What to do
Quote from the first line below through the line that contains "Gelbe Linie auf", both included, and leave the pictures out.

Short text fragments from websites:
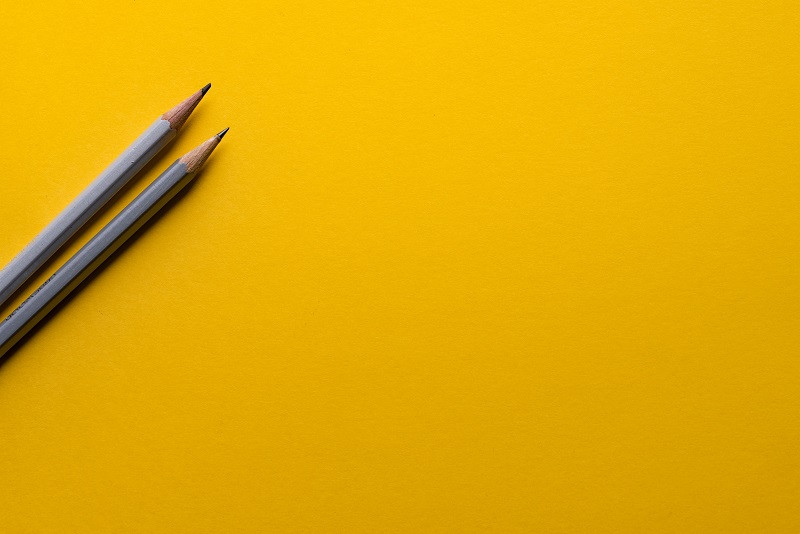 Ein gelber Hintergrund, auf dem zwei Bleistifte liegen.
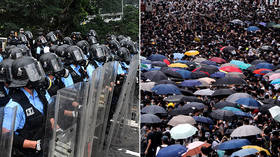 Scuffles as 10,000s of protesters march in Hong Kong to oppose extradition bill (PHOTOS)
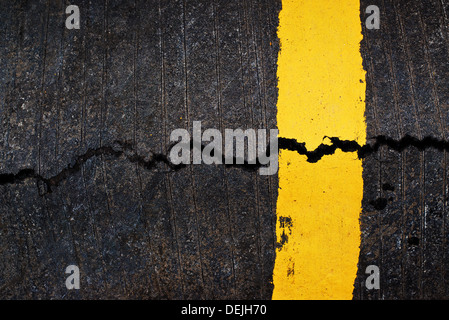 Gelbe Linie auf rissige Asphaltstraße, städtische Textur Stockfoto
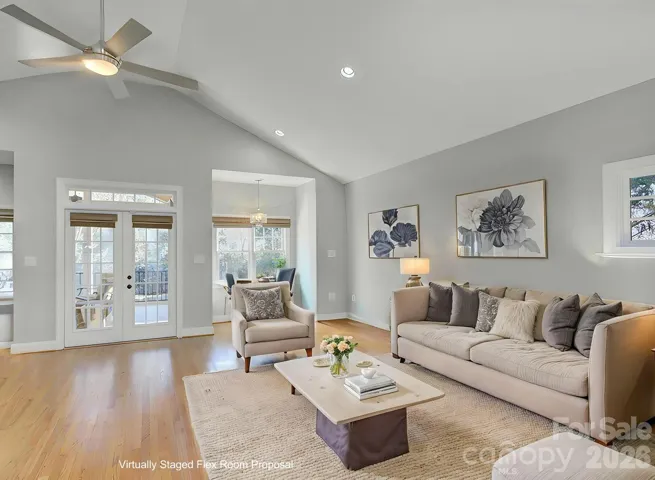 Suggested use of the flex space on the main level. Versatile main-level flex space offers vaulted ceilings, abundant natural light and an inviting open feel, ideal for use as a secondary living area, lounge or media room. Conveniently positioned with direct access toward the screened porch, this space enhances everyday living and entertaining flow. *AI rendering for proposed use of this space only.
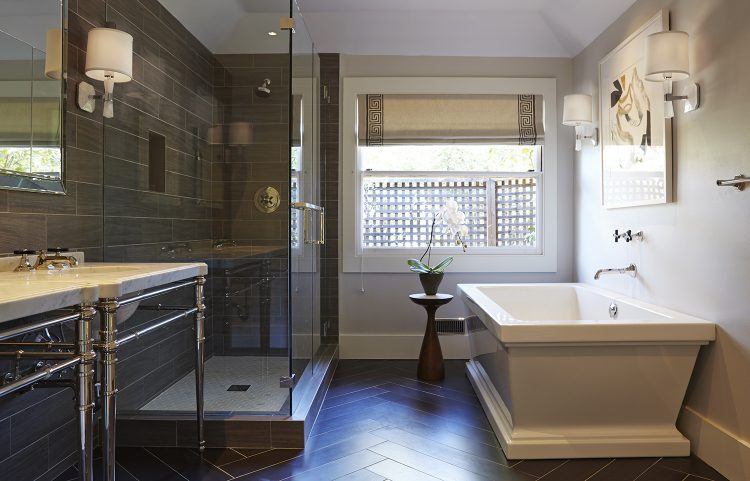 bathroom with glass enclosed shower and square tub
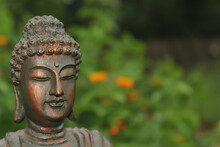 Buddha Statue With A Field Of Yellow Flowers In A Shallow  Background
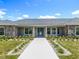 Inviting front entrance with stone accents, manicured lawn, and a long walkway at 14243 County Road 450, Umatilla, FL 32784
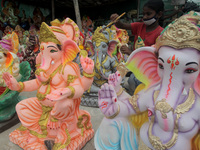 Elephant headed Indian Lord Ganesh idols are seen at the market as it made by the nomadic family peoples as they waits devotees to sale thei...
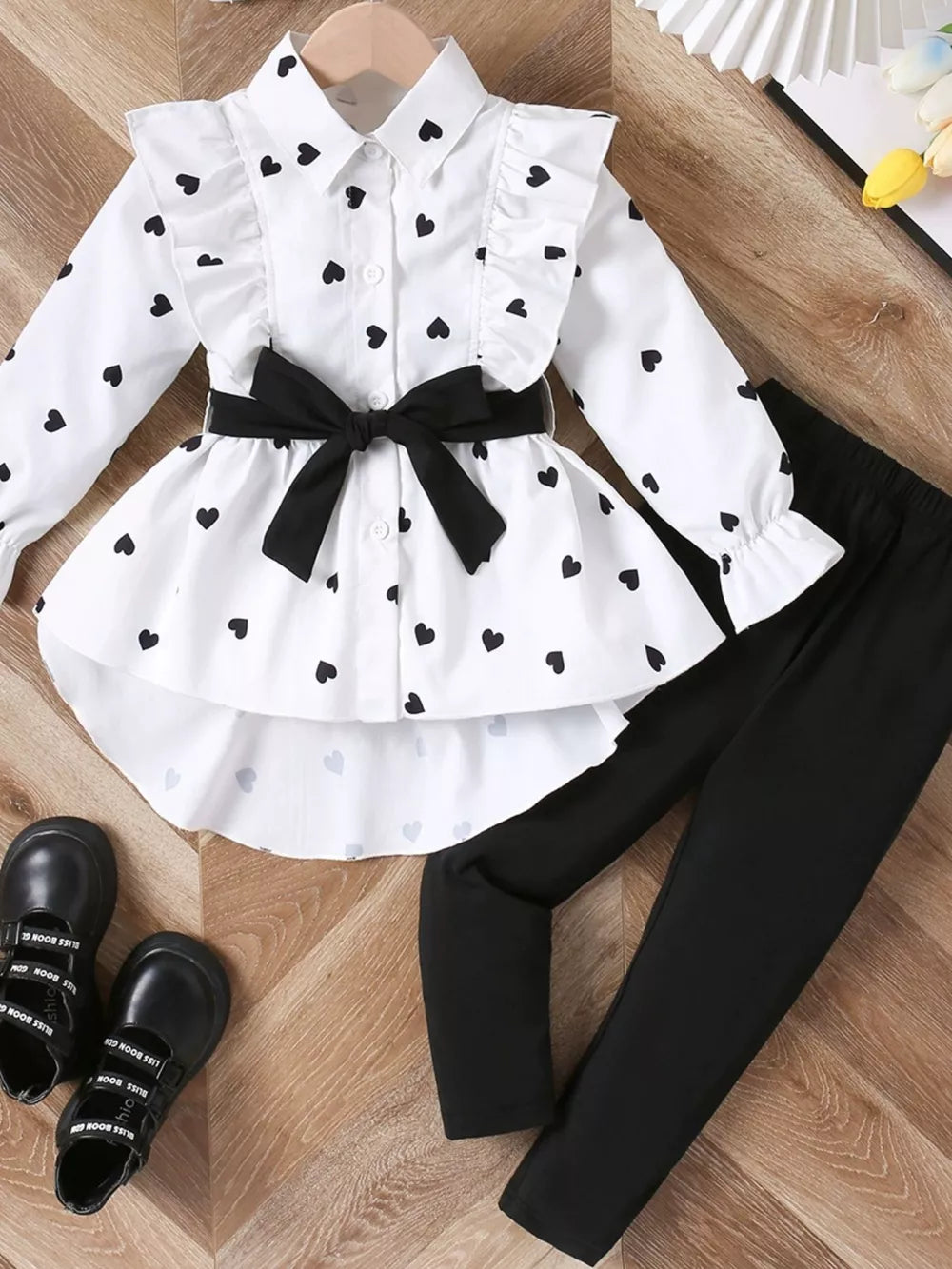 White heart print ruffle shirt with black bow and black leggings for toddlers.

Response
 Ein gelber Hintergrund, auf dem zwei Bleistifte liegen.
 Scuffles as 10,000s of protesters march in Hong Kong to oppose extradition bill (PHOTOS)
 Gelbe Linie auf rissige Asphaltstraße, städtische Textur Stockfoto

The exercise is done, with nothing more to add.